総理大臣も仕事の一つに分類されます。しかし、それは日本国に同時に二人として存在しない唯一無二の職業です。そこで感じるものは「どす黒い孤独」と形容されています。なんというか、、いろいろなスキルだけでなく、精神力や思想など強い自我をもっていないと立ち続けることすら儘ならない職業なのだと思います。そこに6年立ち続けるって、やはりものすごいことだと感じます。

伝達形式が重い意味を持つ。

第1次安倍改造内閣を検討する時に、麻生氏が安倍氏へ人事案を連絡するエピソードにおいて出てきた文です。具体的には、麻生氏はメールなどで直接人事の提案をするのではなく、直筆のメモに書きそれを著者へ託し安倍氏へ渡す、というコミュニケーションをされていました。これは、『ワンクッション入れたコミュニケーション手段をとることで、「この通りにしなくても構いませんよ」という思いを込めた』とあります。
本書から政治家の方たちは、FtoF、人伝いの伝言、電話などコミュニケーション方法によって、その言外の意味も多分に含ませた複雑なやりとりをしているようです。政治というのは、可視化されない部分の意味まで含めて考えないといけないということを感じました。

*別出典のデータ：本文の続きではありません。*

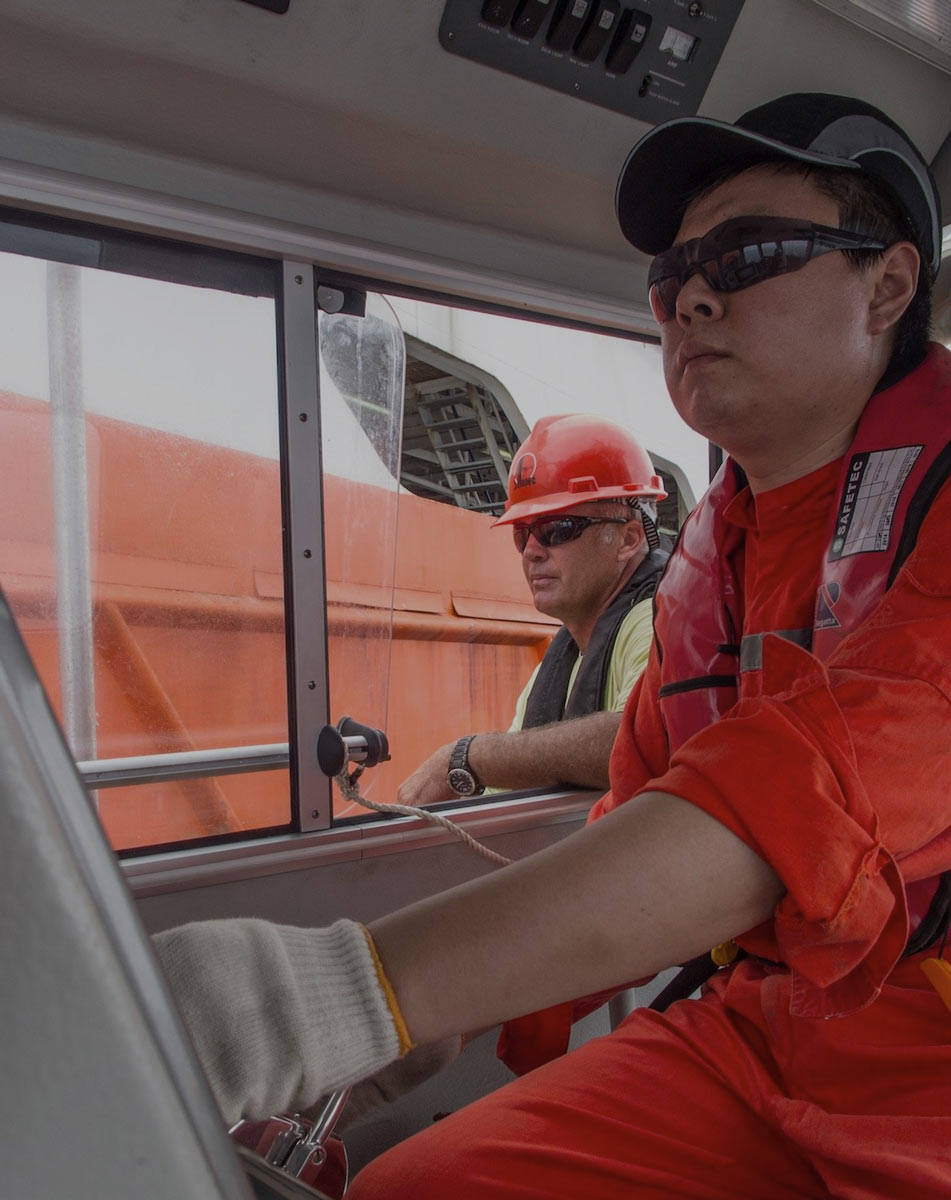 Improving Workboat Safety Through Automation: The TBS And Nebofleet Solution Improving Workboat Safety Through Automation: The TBS And Nebofleet Solution
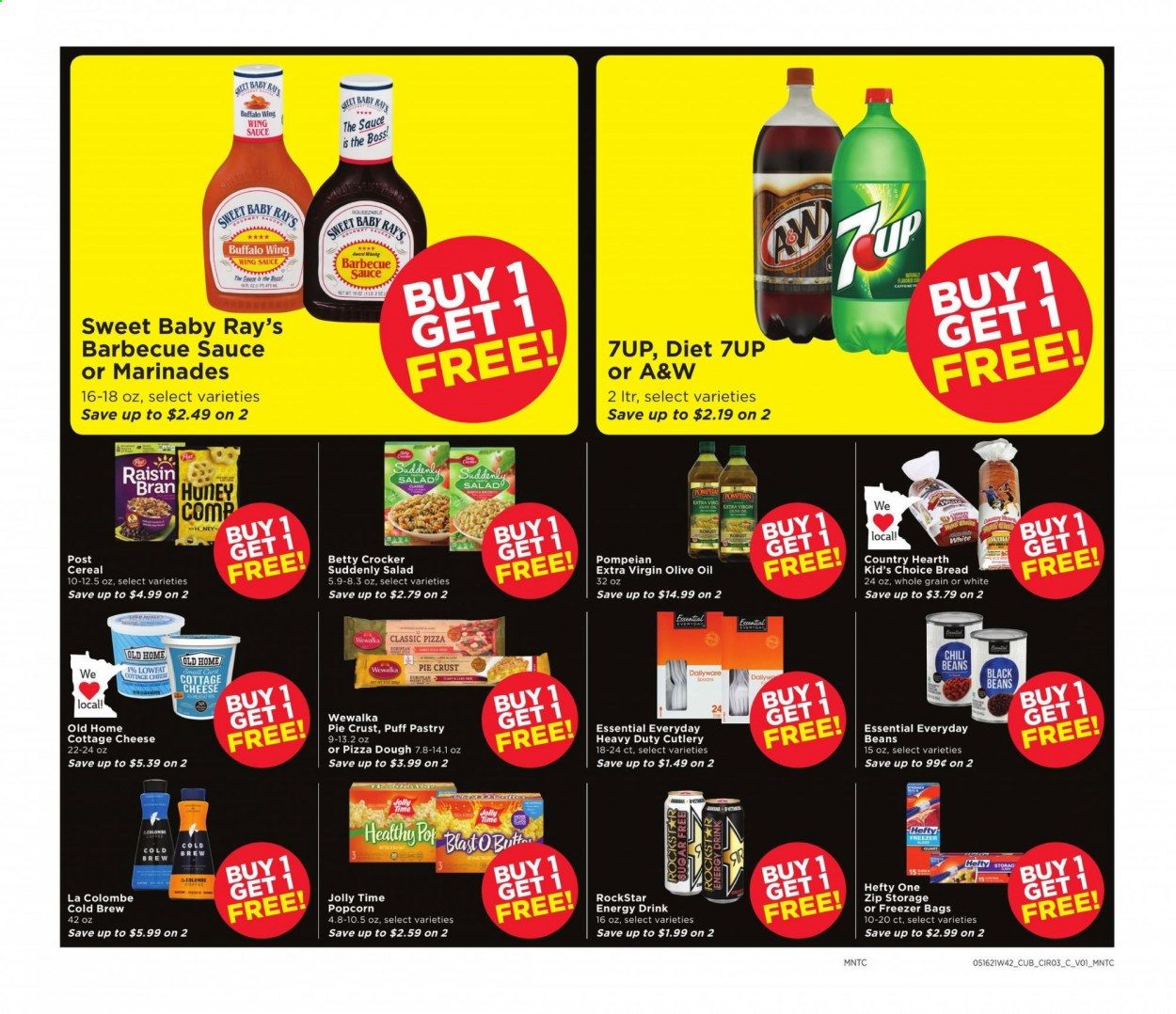 Cub Foods (MN) Weekly Ad Flyer May 16 to May 22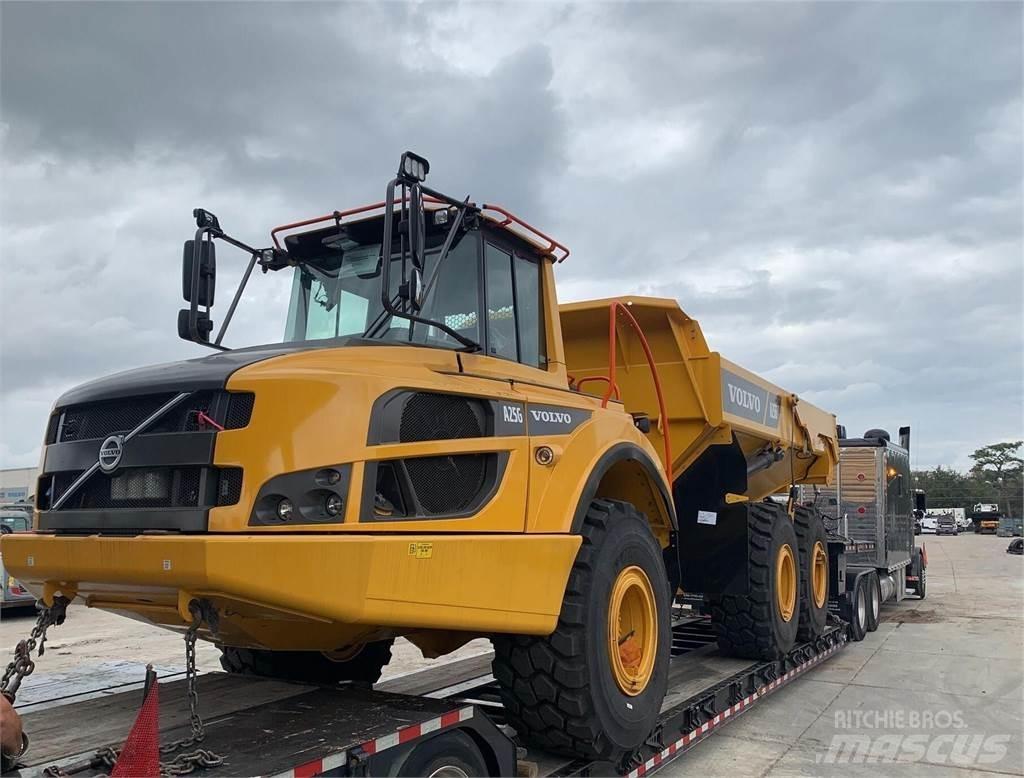 Volvo A25G Wozidła przegubowe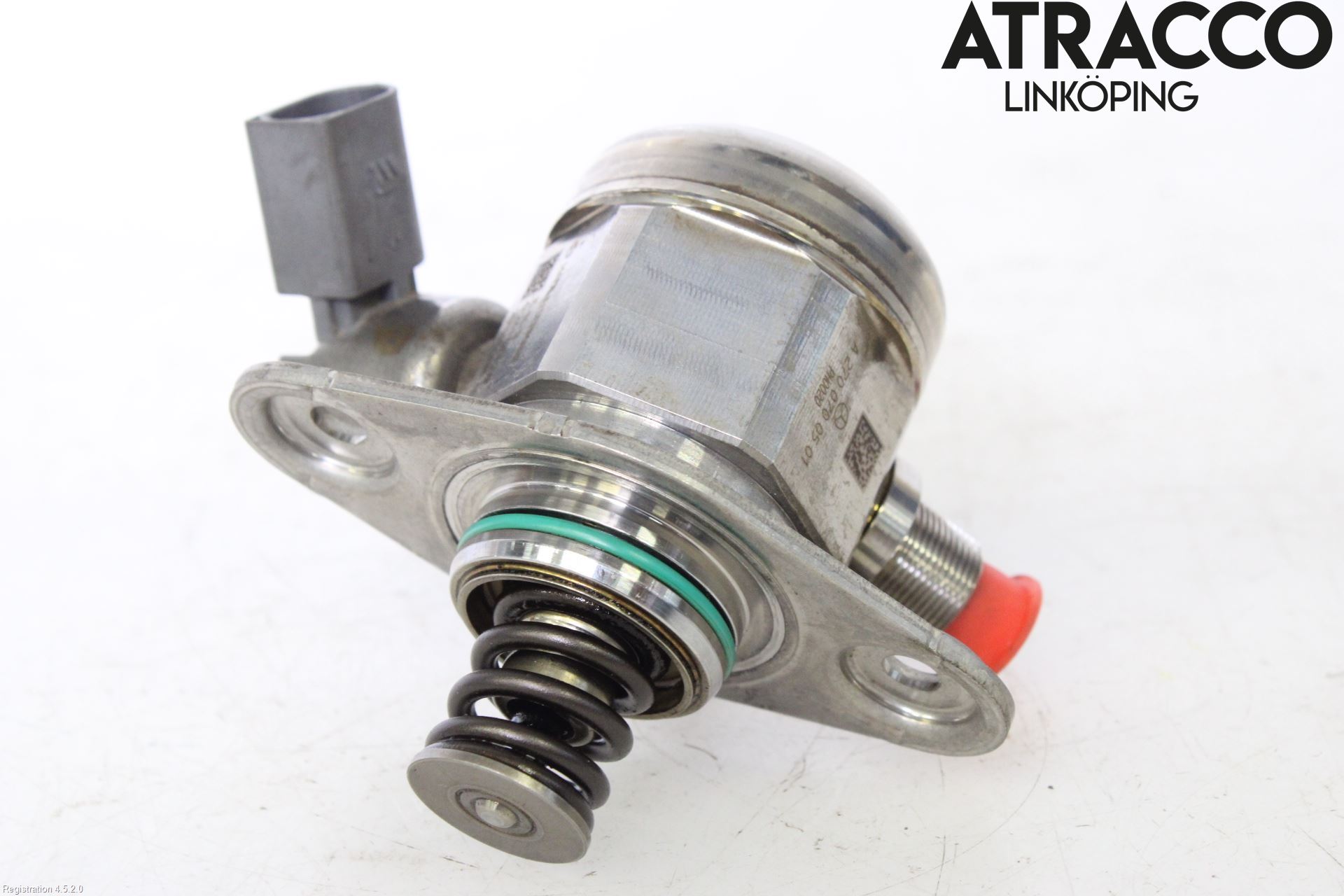 Mercedes-Benz MB CLA-KLASS (C117/X117) 13-19 Drivstoffpumpe Mekanisk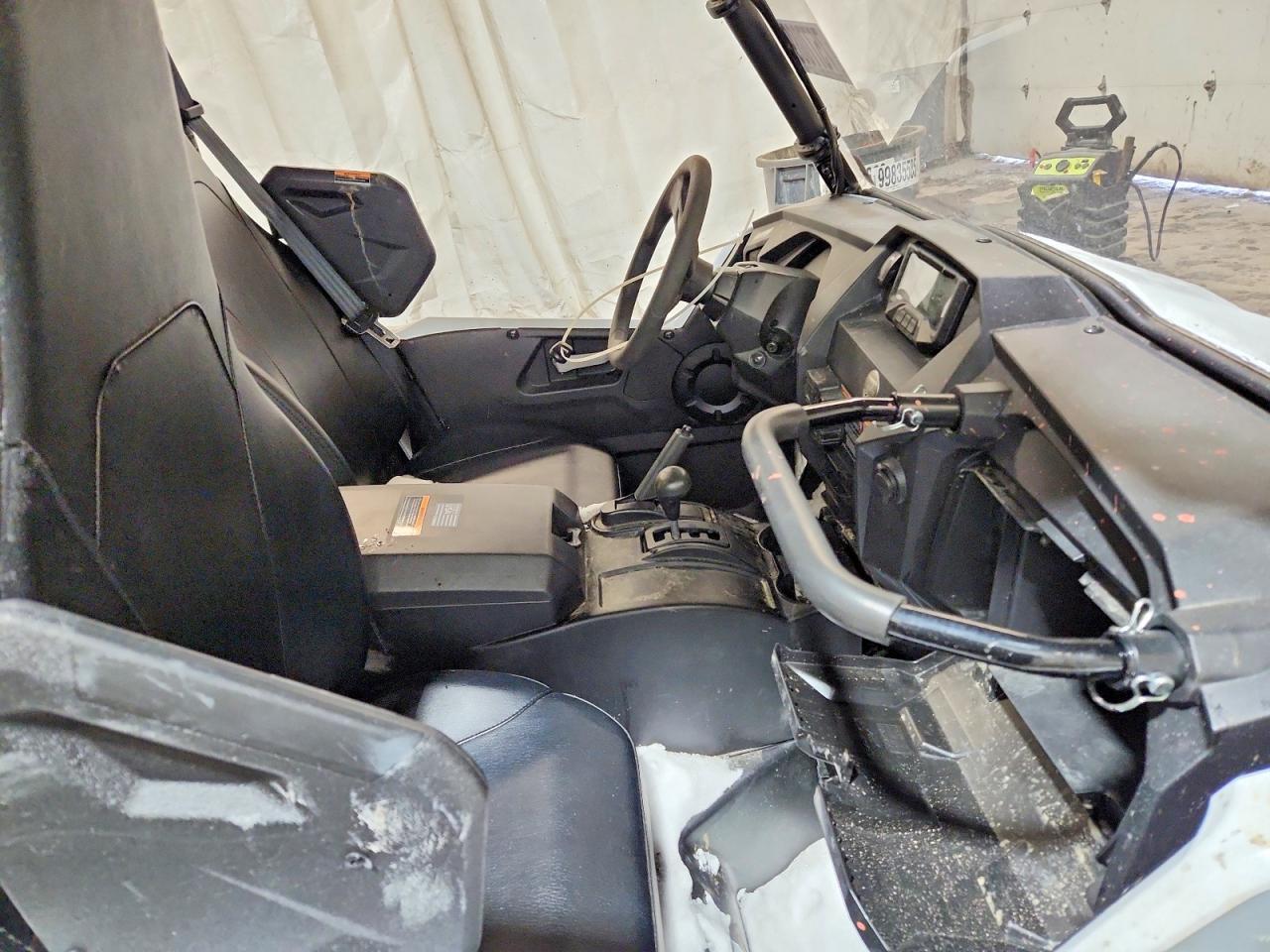 2024 Yama HA YXF850 Utility Vehicle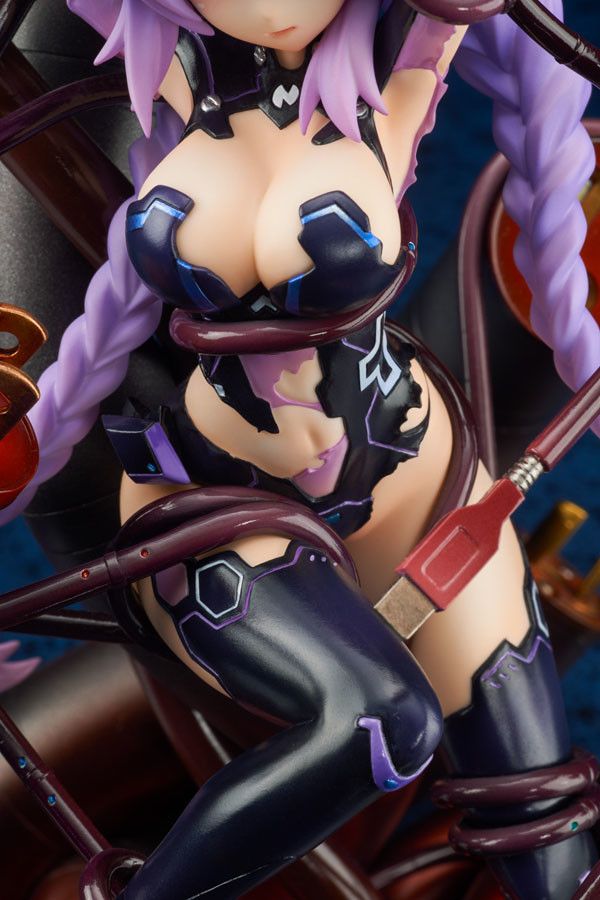 PVC 1/8 Purple Heart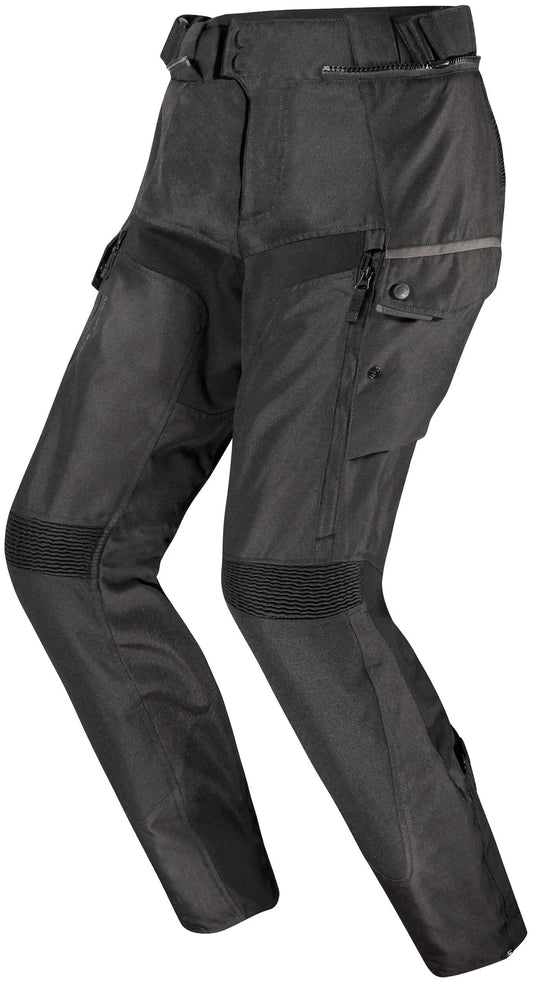 Ls2 hose travel man trousers travel men reg. black dark gray s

身近なところでは社内政治がありますが、これを考える場合は政治家のやりとりが最高の教科書になるような気がします。苦手です。

後者でお願いします!

安倍氏が衆議院選挙に初当選し、麻生氏が飲みに誘った時の会話です。
『麻生「野党の新人議員じゃ時間を持て余しているだろうから、飲みに行くか?」』
『安倍「お願いします」』
『麻生「じゃ、ホテルのバーで制作を語るか、きれいな女の人が横に座ってくれるところに行くか、どっちがいいんだ?」』
『安倍「後者でお願いします!」』
まじか!と読んでいて思いました。これまでテレビや新聞で真面目に語る側面しか見たことがなかったため、このような熱い感情をもたれている人間味が感じることができ、面白かったです。

誰かがその遺志を継がなきゃ悲しすぎるじゃないか

2009年10月に急死された中川氏に関するエピソードでの安倍氏の一言です。中川氏は麻生内閣時代に酩酊しているような状態で記者会見を行い批判を浴び大臣職を辞した方です。その中川氏へ著者が密着取材を行った内容からの、急死とその後の周辺に関することが記されてあります。中川氏は生前に、拉致問題、教科書問題、人権擁護法案問題、アジア外交、農業問題、水資源問題、憲法改正など多くの課題に取り組まれていたとのことです。これらに対して安倍氏が『「誇りの持てる国づくりのために全力投球してきた昭一さんが、道半ばで斃れたならば、誰かがその遺志を継がなきゃ悲しすぎるじゃないか」』と語ったのです。
かっこよすぎる。。幸い私の近しい人はまだ誰も亡くなっていないのですが、いずれその日は来ると思っています。そうした時に、どうするかのヒントがあったように思います。

総理の激務

本書では安倍氏が総理大臣時の仕事内容がそれなりに書かれているのですが、24時間働いていると言って過言ではありません。国会では働き方改革、残業上限などが議論されていますが、その議論している当人達は見方によってはブラック企業に勤めているとも言えるような気がします。国を背負って毎日事を為している政治家の皆様に畏敬の念を抱きました。

おわりに

安倍首相やその周辺、またいわゆる永田町がどのようなものであったかの片鱗を上記のような内容から感じることができました。これ以外にもたくさんの生々しいエピソードがあります。2018年現在の日本国のトップがどのような人物であるかを知ることができる貴重な一冊だと思います。